(Records for the task begins)

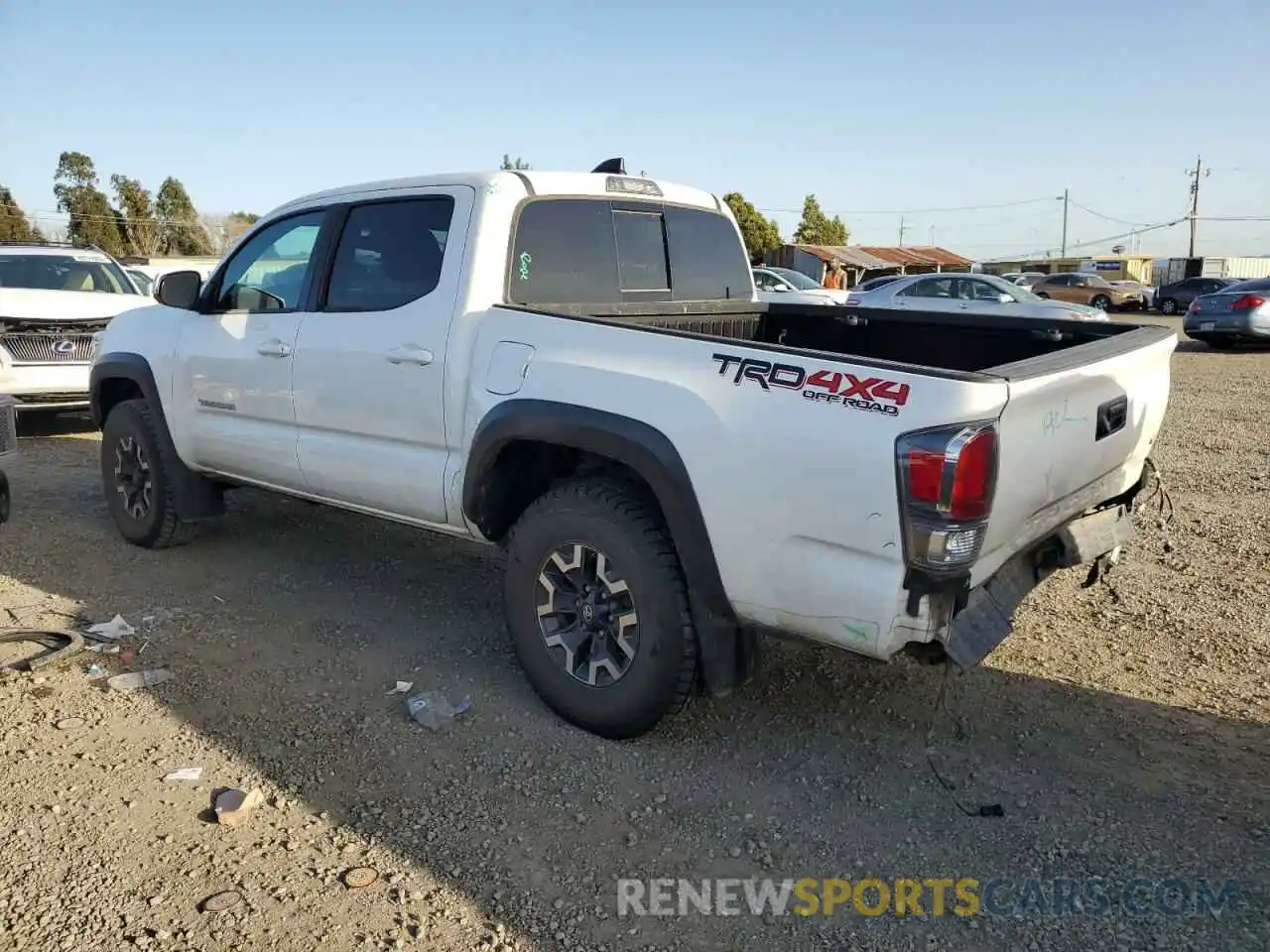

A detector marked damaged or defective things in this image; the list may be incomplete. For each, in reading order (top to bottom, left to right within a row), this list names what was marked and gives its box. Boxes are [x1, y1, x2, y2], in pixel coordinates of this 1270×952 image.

damaged rear bumper [937, 502, 1135, 666]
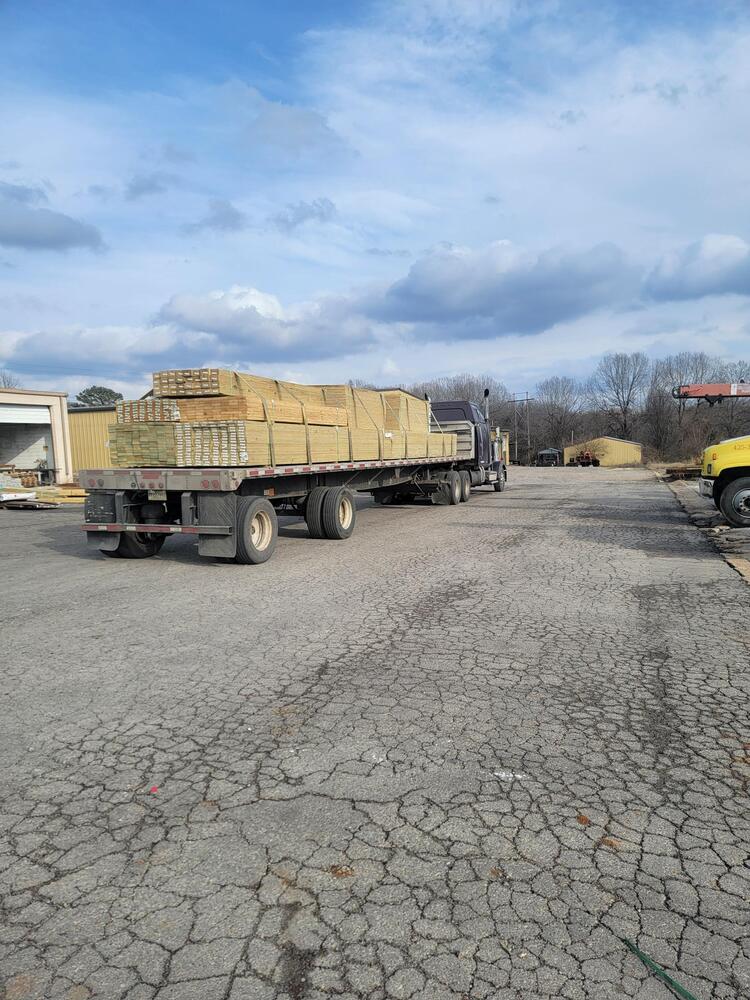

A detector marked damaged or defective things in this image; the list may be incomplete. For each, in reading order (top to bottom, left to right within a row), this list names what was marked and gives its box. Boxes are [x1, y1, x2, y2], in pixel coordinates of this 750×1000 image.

cracked asphalt pavement [0, 470, 748, 1000]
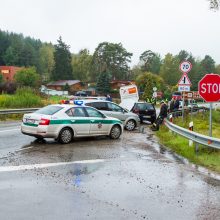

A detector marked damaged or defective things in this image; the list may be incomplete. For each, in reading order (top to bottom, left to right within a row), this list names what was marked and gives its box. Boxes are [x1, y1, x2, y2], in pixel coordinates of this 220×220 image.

crashed car [20, 103, 123, 144]
bent sign post [198, 73, 220, 137]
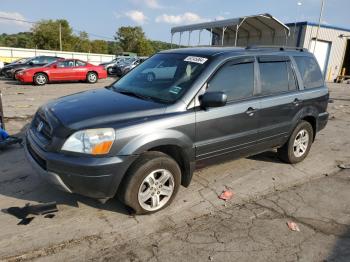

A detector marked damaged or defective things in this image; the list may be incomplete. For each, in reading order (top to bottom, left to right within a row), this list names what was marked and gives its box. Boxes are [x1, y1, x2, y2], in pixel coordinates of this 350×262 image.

cracked asphalt [0, 79, 350, 260]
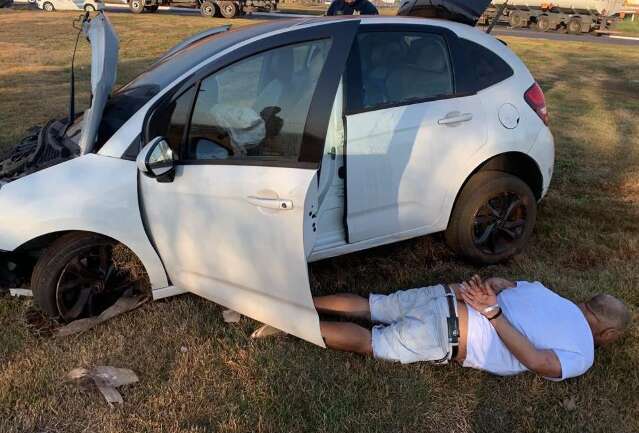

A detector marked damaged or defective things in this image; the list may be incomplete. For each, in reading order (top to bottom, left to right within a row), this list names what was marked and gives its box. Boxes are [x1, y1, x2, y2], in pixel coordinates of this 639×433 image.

(Records for the task ends)

▶ Work to be completed: In your copy, include every record word for word but no pictures.

▶ Final answer:
A detector marked damaged or defective things in this image; the list may be incomplete. For each, in reading order (top to bottom, left to right within a row), this list names what was marked and gives its box. Boxes are [x1, y1, x2, y2], in pixel coordinates of this 1270×952 image.

damaged rear bumper [937, 502, 1135, 666]

A detector marked damaged or defective things in this image; the list may be incomplete. For each, in reading order (top to bottom, left to right within a row), this list names what was marked and gives its box. Boxes are [x1, y1, x2, y2], in pixel coordinates of this 750×1000 image.

cracked asphalt pavement [0, 470, 748, 1000]

A detector marked damaged or defective things in this image; the list may be incomplete. For each, in reading order (top to bottom, left to right within a row), this list names what was marked and gives its box. Boxes are [x1, y1, x2, y2], in pixel coordinates of this 220×220 image.

crashed car [20, 103, 123, 144]
bent sign post [198, 73, 220, 137]

A detector marked damaged or defective things in this image; the list may be incomplete. For each, in reading order (top to bottom, left to right within a row), this list names what was marked and gives its box. Boxes are [x1, y1, x2, y2], in pixel coordinates of this 350×262 image.

cracked asphalt [0, 79, 350, 260]

A detector marked damaged or defective things in this image; the list may be incomplete. For each, in reading order (top to bottom, left to right within a row), this list names what was marked and gives its box. Boxes are [x1, y1, x2, y2], in pixel coordinates of this 639×433 image.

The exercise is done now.